*** DATA BLOCK Section Begins ***

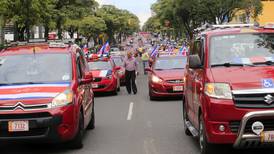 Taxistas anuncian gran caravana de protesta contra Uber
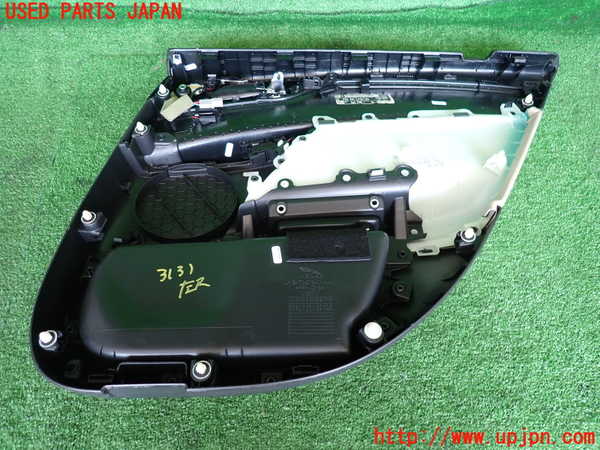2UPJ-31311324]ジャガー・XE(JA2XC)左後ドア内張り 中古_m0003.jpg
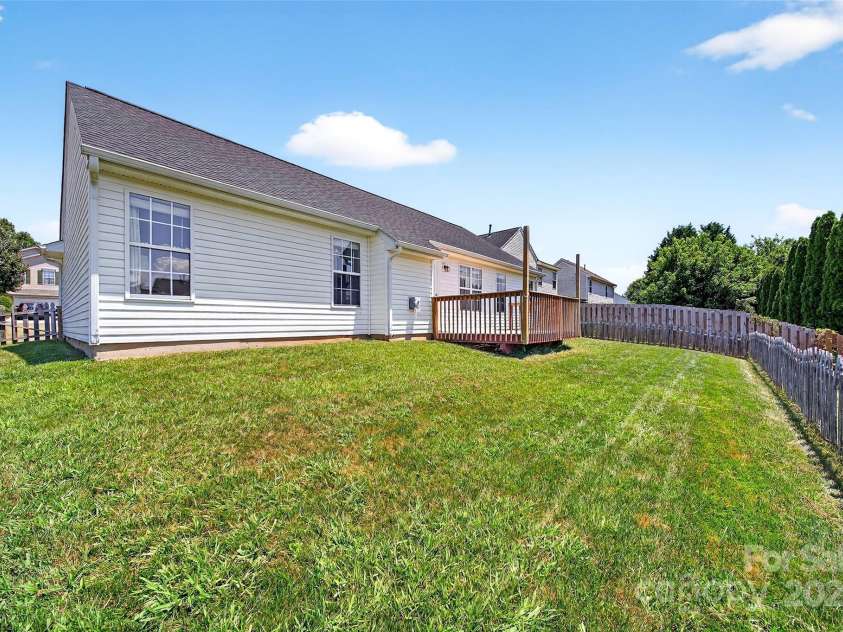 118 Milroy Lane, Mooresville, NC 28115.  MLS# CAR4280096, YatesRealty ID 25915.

*** DATA BLOCK Section Ends ***

DIRECTIONS:
Write out the listing word for word, omitting the pictures it holds.

WRITTEN ANSWER:
 Taxistas anuncian gran caravana de protesta contra Uber
2UPJ-31311324]ジャガー・XE(JA2XC)左後ドア内張り 中古_m0003.jpg
 118 Milroy Lane, Mooresville, NC 28115.  MLS# CAR4280096, YatesRealty ID 25915.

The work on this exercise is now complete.